[[ DATA LISTING open ]]

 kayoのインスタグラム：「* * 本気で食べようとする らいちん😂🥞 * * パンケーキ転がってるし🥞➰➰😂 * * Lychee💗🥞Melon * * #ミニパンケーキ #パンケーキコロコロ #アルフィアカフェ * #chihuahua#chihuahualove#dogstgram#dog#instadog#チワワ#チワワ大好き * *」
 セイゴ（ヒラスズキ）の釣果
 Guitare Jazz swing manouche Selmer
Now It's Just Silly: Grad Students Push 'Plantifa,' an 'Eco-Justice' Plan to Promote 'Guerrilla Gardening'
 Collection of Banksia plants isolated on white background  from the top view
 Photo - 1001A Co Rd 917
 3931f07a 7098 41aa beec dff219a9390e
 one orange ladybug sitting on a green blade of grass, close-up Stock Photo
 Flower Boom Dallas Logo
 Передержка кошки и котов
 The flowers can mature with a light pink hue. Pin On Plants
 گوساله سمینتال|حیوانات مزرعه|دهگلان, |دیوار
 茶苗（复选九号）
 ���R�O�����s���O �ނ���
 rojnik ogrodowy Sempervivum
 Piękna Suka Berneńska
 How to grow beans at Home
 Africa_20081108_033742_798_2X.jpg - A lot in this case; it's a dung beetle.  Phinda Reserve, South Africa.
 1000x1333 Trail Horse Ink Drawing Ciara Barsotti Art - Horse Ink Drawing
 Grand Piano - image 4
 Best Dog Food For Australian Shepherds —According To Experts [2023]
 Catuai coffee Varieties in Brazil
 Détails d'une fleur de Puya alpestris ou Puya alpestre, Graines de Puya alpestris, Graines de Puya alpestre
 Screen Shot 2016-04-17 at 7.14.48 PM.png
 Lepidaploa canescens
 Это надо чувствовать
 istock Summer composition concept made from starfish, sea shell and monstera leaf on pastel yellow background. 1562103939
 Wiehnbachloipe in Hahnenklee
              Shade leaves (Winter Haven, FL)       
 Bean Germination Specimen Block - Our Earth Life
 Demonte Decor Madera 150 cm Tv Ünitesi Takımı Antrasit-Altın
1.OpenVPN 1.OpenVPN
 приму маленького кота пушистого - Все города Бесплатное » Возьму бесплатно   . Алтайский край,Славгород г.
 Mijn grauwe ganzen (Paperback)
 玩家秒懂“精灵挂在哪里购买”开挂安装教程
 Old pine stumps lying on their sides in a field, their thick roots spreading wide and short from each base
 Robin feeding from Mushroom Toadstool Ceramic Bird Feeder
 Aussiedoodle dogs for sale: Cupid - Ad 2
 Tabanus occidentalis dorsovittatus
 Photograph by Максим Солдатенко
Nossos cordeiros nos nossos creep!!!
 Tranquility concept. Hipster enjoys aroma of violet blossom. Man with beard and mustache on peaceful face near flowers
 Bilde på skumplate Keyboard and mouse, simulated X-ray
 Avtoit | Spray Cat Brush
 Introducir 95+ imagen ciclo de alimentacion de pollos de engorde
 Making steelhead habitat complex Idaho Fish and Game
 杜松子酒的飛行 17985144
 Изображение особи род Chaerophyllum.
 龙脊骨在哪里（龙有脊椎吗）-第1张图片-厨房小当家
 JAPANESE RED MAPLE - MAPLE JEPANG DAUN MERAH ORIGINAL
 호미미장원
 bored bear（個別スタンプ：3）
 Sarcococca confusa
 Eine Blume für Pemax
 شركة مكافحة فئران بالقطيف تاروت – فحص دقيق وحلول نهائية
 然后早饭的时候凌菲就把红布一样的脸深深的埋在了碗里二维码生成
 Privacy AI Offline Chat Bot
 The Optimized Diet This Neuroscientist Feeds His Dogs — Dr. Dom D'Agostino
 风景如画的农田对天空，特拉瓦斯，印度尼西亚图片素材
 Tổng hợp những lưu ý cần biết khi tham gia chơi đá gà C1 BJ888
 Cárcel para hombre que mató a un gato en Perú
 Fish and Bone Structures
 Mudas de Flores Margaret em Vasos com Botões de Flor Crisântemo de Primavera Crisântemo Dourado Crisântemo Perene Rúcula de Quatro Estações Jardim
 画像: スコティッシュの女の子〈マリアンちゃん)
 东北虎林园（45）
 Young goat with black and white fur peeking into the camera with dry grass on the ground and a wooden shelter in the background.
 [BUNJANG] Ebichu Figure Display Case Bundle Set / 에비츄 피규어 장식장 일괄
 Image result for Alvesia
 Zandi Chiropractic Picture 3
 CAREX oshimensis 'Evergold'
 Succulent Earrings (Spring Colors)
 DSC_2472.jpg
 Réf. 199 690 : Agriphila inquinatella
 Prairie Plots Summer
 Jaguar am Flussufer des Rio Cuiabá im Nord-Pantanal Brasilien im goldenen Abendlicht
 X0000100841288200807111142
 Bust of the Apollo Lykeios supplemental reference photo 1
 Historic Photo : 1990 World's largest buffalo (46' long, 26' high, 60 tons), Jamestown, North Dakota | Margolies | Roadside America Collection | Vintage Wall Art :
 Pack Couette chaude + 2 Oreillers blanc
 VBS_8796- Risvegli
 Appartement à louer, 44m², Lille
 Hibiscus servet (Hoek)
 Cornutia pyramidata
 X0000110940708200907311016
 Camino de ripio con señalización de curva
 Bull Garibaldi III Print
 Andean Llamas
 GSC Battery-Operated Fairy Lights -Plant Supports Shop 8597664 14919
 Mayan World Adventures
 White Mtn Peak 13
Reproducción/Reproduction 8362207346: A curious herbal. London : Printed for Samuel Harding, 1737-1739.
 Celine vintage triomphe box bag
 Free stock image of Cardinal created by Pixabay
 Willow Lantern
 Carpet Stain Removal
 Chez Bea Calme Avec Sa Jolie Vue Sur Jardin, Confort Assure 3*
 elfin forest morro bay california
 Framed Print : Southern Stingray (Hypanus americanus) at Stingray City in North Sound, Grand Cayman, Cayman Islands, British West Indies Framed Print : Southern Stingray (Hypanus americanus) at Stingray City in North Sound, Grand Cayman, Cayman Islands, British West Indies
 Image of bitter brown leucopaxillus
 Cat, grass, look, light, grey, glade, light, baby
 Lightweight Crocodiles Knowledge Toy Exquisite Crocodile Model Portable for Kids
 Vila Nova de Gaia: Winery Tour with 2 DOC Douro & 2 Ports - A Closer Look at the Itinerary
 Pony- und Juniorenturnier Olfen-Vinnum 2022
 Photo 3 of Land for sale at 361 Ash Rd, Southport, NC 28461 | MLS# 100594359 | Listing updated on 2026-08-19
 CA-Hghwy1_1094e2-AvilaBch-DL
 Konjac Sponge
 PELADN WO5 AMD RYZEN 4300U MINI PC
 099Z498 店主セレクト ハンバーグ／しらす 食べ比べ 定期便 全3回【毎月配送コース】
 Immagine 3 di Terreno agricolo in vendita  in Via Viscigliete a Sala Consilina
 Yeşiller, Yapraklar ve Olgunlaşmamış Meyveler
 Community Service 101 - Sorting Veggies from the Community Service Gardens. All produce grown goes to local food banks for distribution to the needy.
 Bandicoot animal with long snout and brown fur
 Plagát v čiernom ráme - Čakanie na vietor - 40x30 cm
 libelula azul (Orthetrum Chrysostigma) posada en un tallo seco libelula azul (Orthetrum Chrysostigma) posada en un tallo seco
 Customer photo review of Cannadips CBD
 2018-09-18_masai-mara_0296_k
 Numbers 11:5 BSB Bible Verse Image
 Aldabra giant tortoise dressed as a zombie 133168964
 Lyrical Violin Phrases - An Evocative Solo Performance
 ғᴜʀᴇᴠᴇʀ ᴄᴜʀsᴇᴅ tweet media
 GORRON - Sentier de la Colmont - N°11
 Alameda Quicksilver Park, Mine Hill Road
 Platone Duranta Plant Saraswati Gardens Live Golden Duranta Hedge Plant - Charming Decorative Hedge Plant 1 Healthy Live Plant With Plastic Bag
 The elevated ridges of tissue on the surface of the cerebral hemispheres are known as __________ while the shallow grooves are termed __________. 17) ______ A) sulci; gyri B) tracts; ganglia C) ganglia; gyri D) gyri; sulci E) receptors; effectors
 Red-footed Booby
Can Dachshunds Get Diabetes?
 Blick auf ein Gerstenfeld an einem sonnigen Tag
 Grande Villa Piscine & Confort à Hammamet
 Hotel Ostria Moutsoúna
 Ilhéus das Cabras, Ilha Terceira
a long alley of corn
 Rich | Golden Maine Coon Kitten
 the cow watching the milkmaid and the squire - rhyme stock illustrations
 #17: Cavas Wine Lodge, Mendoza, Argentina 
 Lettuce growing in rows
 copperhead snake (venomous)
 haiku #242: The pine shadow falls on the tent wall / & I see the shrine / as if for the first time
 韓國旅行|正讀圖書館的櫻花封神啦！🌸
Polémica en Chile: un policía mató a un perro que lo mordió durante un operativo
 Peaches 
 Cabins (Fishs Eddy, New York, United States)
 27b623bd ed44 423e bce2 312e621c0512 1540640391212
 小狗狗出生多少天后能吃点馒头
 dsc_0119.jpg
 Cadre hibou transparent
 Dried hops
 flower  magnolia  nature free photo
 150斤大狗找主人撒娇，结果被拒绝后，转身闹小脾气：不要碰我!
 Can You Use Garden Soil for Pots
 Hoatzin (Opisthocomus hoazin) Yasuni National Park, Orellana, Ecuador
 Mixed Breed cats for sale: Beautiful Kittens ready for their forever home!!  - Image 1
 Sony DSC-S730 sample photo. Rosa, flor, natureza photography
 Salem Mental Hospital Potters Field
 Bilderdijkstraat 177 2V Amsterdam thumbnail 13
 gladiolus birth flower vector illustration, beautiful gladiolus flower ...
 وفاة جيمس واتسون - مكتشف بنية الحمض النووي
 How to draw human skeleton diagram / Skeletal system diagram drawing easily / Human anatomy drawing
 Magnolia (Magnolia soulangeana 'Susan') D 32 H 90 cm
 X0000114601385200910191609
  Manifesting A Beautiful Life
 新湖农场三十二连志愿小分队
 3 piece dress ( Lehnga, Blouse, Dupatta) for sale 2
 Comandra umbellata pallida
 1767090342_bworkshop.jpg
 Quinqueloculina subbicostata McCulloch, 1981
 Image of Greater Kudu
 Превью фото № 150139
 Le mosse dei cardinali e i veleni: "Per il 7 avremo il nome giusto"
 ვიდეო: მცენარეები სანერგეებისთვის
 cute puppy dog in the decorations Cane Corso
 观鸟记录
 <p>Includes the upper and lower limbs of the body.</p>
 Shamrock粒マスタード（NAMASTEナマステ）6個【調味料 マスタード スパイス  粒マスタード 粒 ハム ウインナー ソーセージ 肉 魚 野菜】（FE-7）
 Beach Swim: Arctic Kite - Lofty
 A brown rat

[[ DATA LISTING closed ]]

— TASK STATEMENT —
Could you restate, word for word, the lines above from the one with "Alameda Quicksilver Park, Mine Hill Road" to the one with "Red-footed Booby", both included?

— COMPLETED TASK —
 Alameda Quicksilver Park, Mine Hill Road
 Platone Duranta Plant Saraswati Gardens Live Golden Duranta Hedge Plant - Charming Decorative Hedge Plant 1 Healthy Live Plant With Plastic Bag
 The elevated ridges of tissue on the surface of the cerebral hemispheres are known as __________ while the shallow grooves are termed __________. 17) ______ A) sulci; gyri B) tracts; ganglia C) ganglia; gyri D) gyri; sulci E) receptors; effectors
 Red-footed Booby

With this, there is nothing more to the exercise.